К фантастическим домыслам сестры на тему болезни Рембо можно отнестись снисходительно, поскольку у нее было как минимум два смягчающих обстоятельства. Во-первых, шарлевильские обыватели не скрывали злорадства по поводу слишком стремительной кончины бывшего бунтаря. Во-вторых, его страдания были столь велики, что оказались почти невыносимыми и для окружающих. Это хорошо видно по письмам Изабель. 22 сентября она сообщает матери:

"Должна сказать тебе, что Артюр очень болен. Я говорила в последнем письме, что расспрошу врачей, и вот их ответ: "Бедный малый (Артюр) понемногу уходит, жизнь его — это вопрос нескольких дней, быть может, месяцев. Если не произойдет — а это может случиться в любую минуту — какое-нибудь тяжкое осложнение. На выздоровление надежд нет никаких, он не выздоровеет. (…) Естественно, дорогая мамочка, это они сказали мне, а ему они говорят совсем другое: обещают полное выздоровление и стараются внушить, будто ему с каждым днем становится лучше. Порой я начинаю терять голову и спрашиваю себя, кому они лгут — ему или мне. Ибо они говорят с ним о выздоровлении столь же искренне, как со мной — о его неизбежной смерти".

В этом письме Изабель еще выражает некоторую надежду: ей кажется, что врачи преувеличивают серьезность положения. Но в письме от 5 октября ее тон совершенно меняется:

"Сейчас я никак не могу оставить Артюра: ему плохо, он слабеет, постепенно приходит в отчаяние, да и я тоже теряю веру. Я прошу только об одном: чтобы он умер хорошо. (…) Я смотрела на него, когда он спал, и говорила себе, что долго он не протянет: у него слишком больной вид! Через пять минут он проснулся с обычной своей жалобой, что не спал всю ночь и сильно мучился… Затем он стал мне говорить о вещах немыслимых, которые, как ему кажется, произошли в больнице за ночь, и это единственный отголосок прежнего бреда, но такой устойчивый, что каждое утро и по нескольку раз на дню он повторяет одни и те же глупости, а на меня сердится, что я не верю. Я же слушаю его и стараюсь разубедить: он обвиняет санитарок и даже сестер в поступках совершенно отвратительных и невозможных; я говорю, что это ему, наверное, приснилось, но он упорствует, а меня обзывает дурой и идиоткой".

28 октября (в день "обращения") Изабель пишет:

"Смерть приближается стремительно. Я говорила тебе в последнем письме, что обрубок ноги сильно распух. Теперь это огромная раковая опухоль между бедром и животом… Врачи больше уже почти не приходят, потому что он часто плачет, разговаривая с ними, и это приводит их в смятение".

Изабель, несомненно, пережила сильнейшее нервное потрясение за те несколько месяцев, которые провела у постели умирающего. Это усугубилось внезапным и неожиданным для нее "обращением" брата, а затем появлением сборника "Ковчег" ("Reliquaire") — именно тогда она впервые узнала, что Артюр был поэтом и пользуется возрастающей известностью в литературных кругах. Глаза у нее открылись: лишь теперь она принялась копаться в бумагах брата, на которые прежде не обращала никакого внимания. По неопытности она сначала приняла рукопись верленовского стихотворения "Crimen amoris" за сочинение Рембо.

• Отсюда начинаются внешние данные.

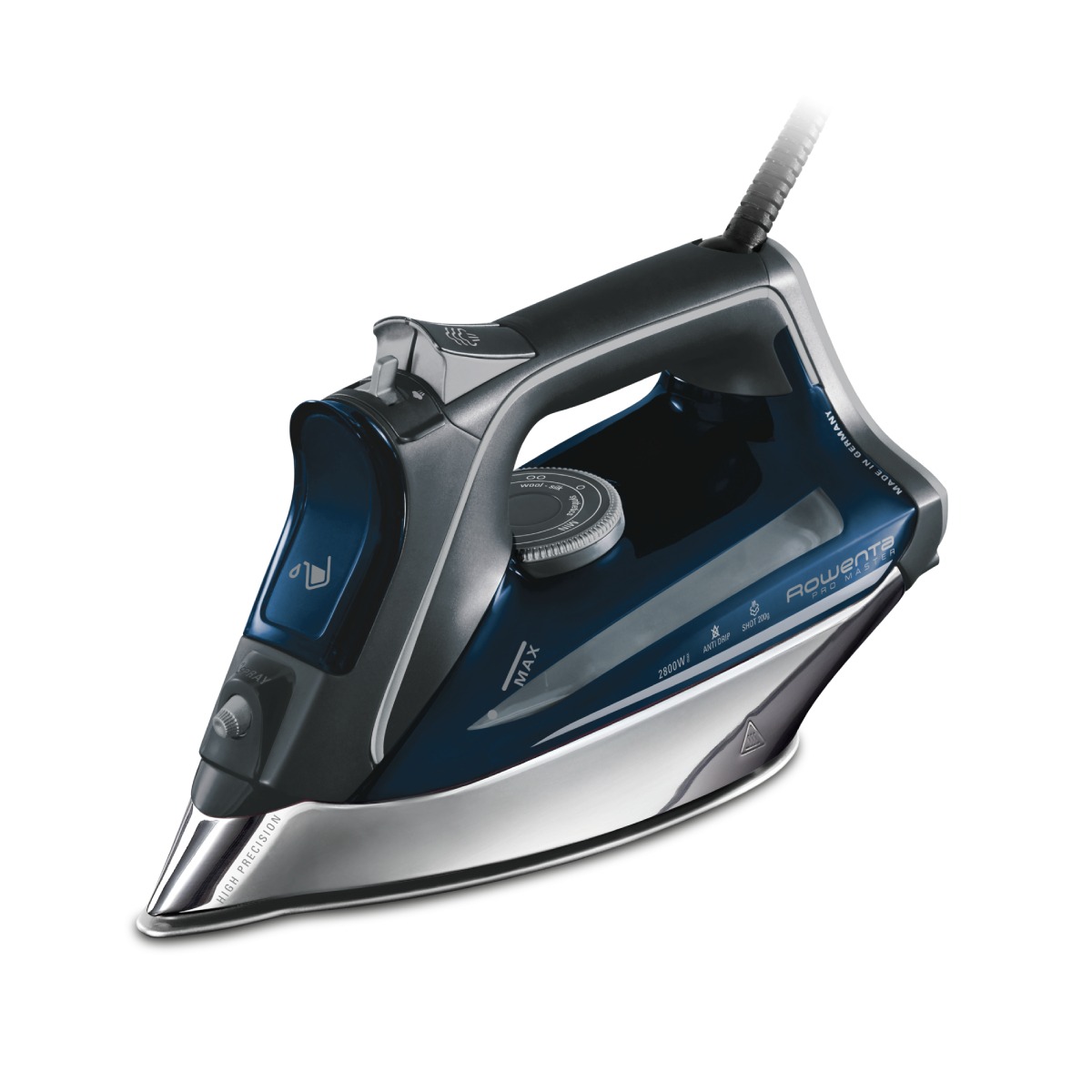 Fier de calcat cu abur Rowenta Pro Master DW8221D1, 2800 W, jet de abur 200 g/min, abur variabil 0-50 g/min, rezervor apa 310 ml, talpa Microsteam 400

Если бы Изабель излагала свои фантазии в узком семейном кругу, никто не бросил бы в нее камень. Но она зашла так далеко, что начала сочинять биографию брата. Неумолимая логика фальсификации привела к тому, что она стала опровергать все, что противоречило ее домыслам, не гнушаясь и клеветой — если называть вещи своими именами — по отношению к тем людям, с которыми судьба сталкивала "святого". Уже в 1892 году появляется небольшая книжечка под названием "Мой брат Артюр", в которой Изабель решительно отметает все подозрения насчет распущенной жизни Рембо как возможной причины его болезни:

"Чистота твоих нравов стала легендарной. Порог твоего дома никогда не переступало ни одно развратное существо, и ноги твоей не бывало в домах веселья…"

Болезнь была последней жертвой, принятой на себя избранником во искупление чужих грехов:

"Он часто спрашивал меня, вместо кого суждено ему — столь доброму, столь милосердному, столь справедливому — терпеть эти ужасные муки. Я не знала, что отвечать. Я боялась и до сих пор боюсь, что претерпел он их за меня".